▶ [WHAT YOU ARE ASKED TO DO]:
In the records below, the lines from the one containing "Audi A4 2022 photo 3" through the last are to be reproduced exactly and alone.

====

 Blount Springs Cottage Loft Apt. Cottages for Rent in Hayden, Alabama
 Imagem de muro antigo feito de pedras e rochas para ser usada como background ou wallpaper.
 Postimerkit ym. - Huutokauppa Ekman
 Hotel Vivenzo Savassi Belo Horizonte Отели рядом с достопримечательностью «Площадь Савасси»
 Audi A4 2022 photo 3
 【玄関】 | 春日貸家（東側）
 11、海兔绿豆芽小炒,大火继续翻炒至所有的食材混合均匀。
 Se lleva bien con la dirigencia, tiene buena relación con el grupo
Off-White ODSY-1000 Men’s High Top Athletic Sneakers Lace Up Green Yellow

====

▶ [ANSWER BOX]:
 Audi A4 2022 photo 3
 【玄関】 | 春日貸家（東側）
 11、海兔绿豆芽小炒,大火继续翻炒至所有的食材混合均匀。
 Se lleva bien con la dirigencia, tiene buena relación con el grupo
Off-White ODSY-1000 Men’s High Top Athletic Sneakers Lace Up Green Yellow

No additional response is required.